On May 17, the Purple Eagles, ranked second in the country, faced last year's champions, the undefeated and top ranked ranked Marauders in a rematch of the championship game held in Elkhart, Ind.

"It was a thrill to see the joy in the players' eyes and in the coaches eyes after winning the championship," said Lee Kelly, director of rugby at Gonzaga for more than 10 years. The varsity coaches included head coach Peter Baggetta, and assistants Paolo Iscaro, Grant Furnary and Jim Cuddihy. It was the third time that Gonzaga reached the championship game.

"We have an amazing group of players, coaches and parents," said Kelly who has been involved in the rugby program at Gonzaga since his sons Brendon and Connor attended and graduated in 2002 and 2006. "I get amazing support from the school," he added.

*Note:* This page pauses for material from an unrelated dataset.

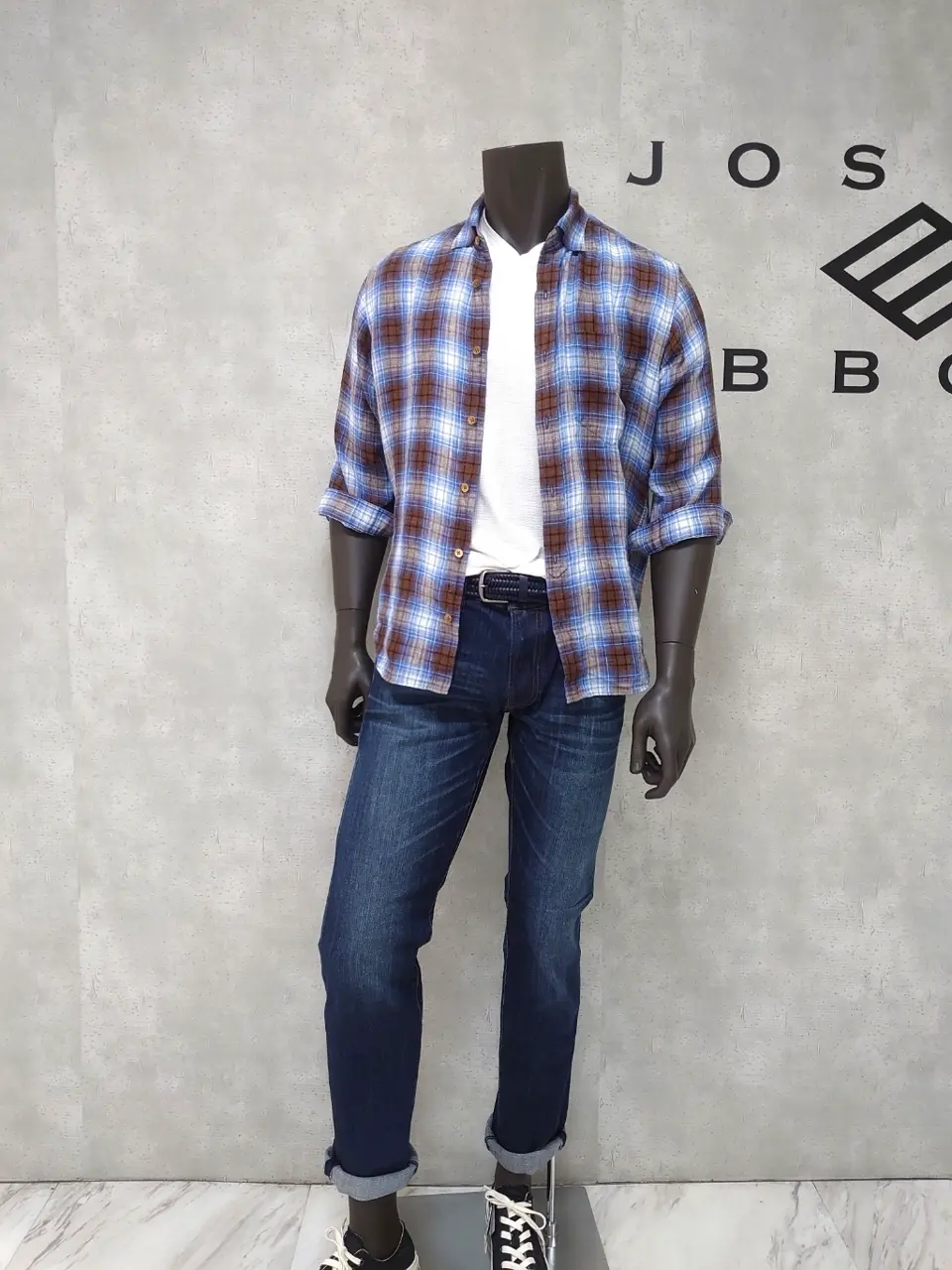  石川 コーディネート画像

In the finals, Gonzaga - champions of the Mid Atlantic Varsity Rugby Conference - was led by senior Ben Cima who has been selected to the All-American Rugby team every year since his sophomore year.

About 200 students currently participate in Gonzaga's 26-year-old rugby. Kelly said that with 18 coaches and six teams - three varsity, two junior varsity and one freshman team - the school is able to accommodate all students who are interested in the sport. There are no player cuts. The coaches especially work to prepare freshmen and sophomore students giving them opportunities to play in many games before moving them to the higher level of play.

"We're not afraid to lose to get better," Kelly said. The director noted that about 90 percent of the participants have never played rugby before high school. However, he added, participation in rugby is growing - it is played in 110 countries - and he expects to see an increased interest in the sport after it is featured in the 2016 Olympics.

Additionally for the past five years, the school has hosted the Jesuit Rugby Classic each spring, and for several years plans an international trip for players, coaches and parents to expose the students to the worldwide fraternity of rugby.

"We have a camaraderie unique to many other sports," said Kelly, who has been involved with rugby for 44 years since playing at the University of Maryland. The director said the spring break trip serves as both a cultural experience and rugby development as each of the three top teams play three games while overseas.

On a recent trip to Argentina, the team attended a Mass that happened to be celebrated by Cardinal Jorge Mario Bergoglio, then-archbishop of Buenos Aires and now Pope Francis.

Kelly noted in general, sports teach many of life's lessons and several of Gonzaga's players go on to play rugby in college. This year the school's valedictorian, Tyler Jones, also played the sport. For Kelly rugby is a passion he is happy to share with anyone.

"I started at Gonzaga with my two boys which was special, now I share it with 200 boys - and that is special too," he said.